Director of News, Palitra Media, Tbilisi Georgia

Natalia has been managing the multimedia Newsroom of the biggest media house in Georgia Palitra Media for more than ten years. Under her expertise, the Newsroom was transformed into a wide range of different news and niche websites with the highest audience coverage in the country. Her main goal in the Newsroom has been creating a modern and comfortable workspace for the collaboration of different media teams and keeping the organization financially sustainable.
Before the Newsroom Natalia had the experience of working as a TV producer and a journalist. That helps her to better understand the needs of media teams and the importance of quality and innovative journalism.


This Management Kit is a resource for leaders in newsrooms across the EaP countries (six Eastern European Partner countries of Armenia, Azerbaijan, Belarus, Georgia, the Republic of Moldova and Ukraine)

The kit is to support the mentoring and training of Newsroom Editors in Independent News organisations. It aims to help them with the fundamentals of news management and its practical implementation with templates of essential documents and supporting videos.


> To help newsroom leaders take a strategic approach when expanding news operations (from linear) to multimedia.

> To provide advice for decision making and the development of long and short term strategies, such as multimedia planning and commissioning.

> To help with the organisation of teams in multimedia newsrooms, including sample line management charts and job description templates.

> To aid awareness of gender sensitivity with guide policies supporting women’s equality in newsrooms.


The kit is being used and distributed to the newsrooms as part of business management mentoring provided by UE4IM experts. It offers

  • An intelligent approach to organisation (template charts which can be adapted to
    each newsroom)
  • An explanation of the relationship between the different roles and departments
  • Videos to highlight common dilemmas, with expert advice

Target groups

Main group: Editors and Managers of independent newsrooms across EaP countries.

Secondary group: Local management and business mentors engaged in helping newsrooms achieve better business practices and financial sustainability.


1. Introduction to Management Kit

Overall approach to management and reasons for change
Advice on multimedia planning and commissioning
Advice on Diversifying sources of income

2. Newsroom structure guides

Guide management charts and job titles
Description of connections between different positions
Job specification templates

3. Policies to promote equality

Guide policies supporting equal work opportunities for women

4. Supporting Videos

Short videos filmed with local and international experts

1. Introduction to Management Kit

This kit outlines an approach for the management of news teams serving a multi platform audience. It will explain why becoming more multimedia will help your business model, as well as improve your reputation as an employer.

Why should your newsroom change?

Audiences: To better serve evolving audiences who are looking for news from more sources than traditional Radio, TV or websites. To grow younger audiences and brand loyalty.

For example, to respond to the increase of news consumed by young audiences (16-24 year olds) on social media platforms such as YouTube, Instagram and TikTok.

Revenue: It may help with new revenue streams for native content as well as traditional advertising. It will make your organisation more resilient to future change.

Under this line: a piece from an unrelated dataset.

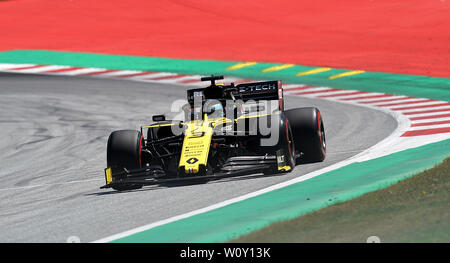 Spielberg, Österreich. 28. Jun 2019. Formel 1 myWorld GROSSER PREIS VON ÖSTERREICH 2019 28. - 30.06.2019, Bild Daniel Ricciardo (AUS #3), Renault F1 Team Foto © nordphoto/Bratic | Verwendung der weltweiten Kredit: dpa Picture alliance/Alamy leben Nachrichten Stockfoto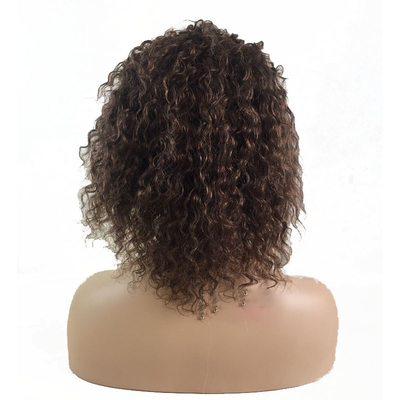 Lockeres menschliches Haar Perücke 100% brasilianische HD Full Swiss Lace Seidentop injiziert Handgefertigt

Reputation: Increasing your digital journalism can improve how your organisation is seen by customers and makes it available to more people on a wider variety of platforms so strengthens your brand as an independent news provider.

How can newsrooms change?

Reorganisation: Leaders can make organisational changes with the aim of increasing Social Media and Digital content.

For example, re-organising a newsroom to produce more social media content may involve expanding job roles to become multimedia, changing managerial oversight to include social media or combining planning and commissioning across different platforms to make better use of existing journalism. You may decide to make digital the priority over other platforms.

Strategy: By planning and stating your intentions to change, and sharing that with your teams, everyone will know what needs to be done and how you intend to achieve it

How can newsroom leaders support the change and make it a success?

Mentoring: Leaders can work with mentors who’ll advise and support changes. They should think strategically by setting targets over a period of time and planning how to achieve them.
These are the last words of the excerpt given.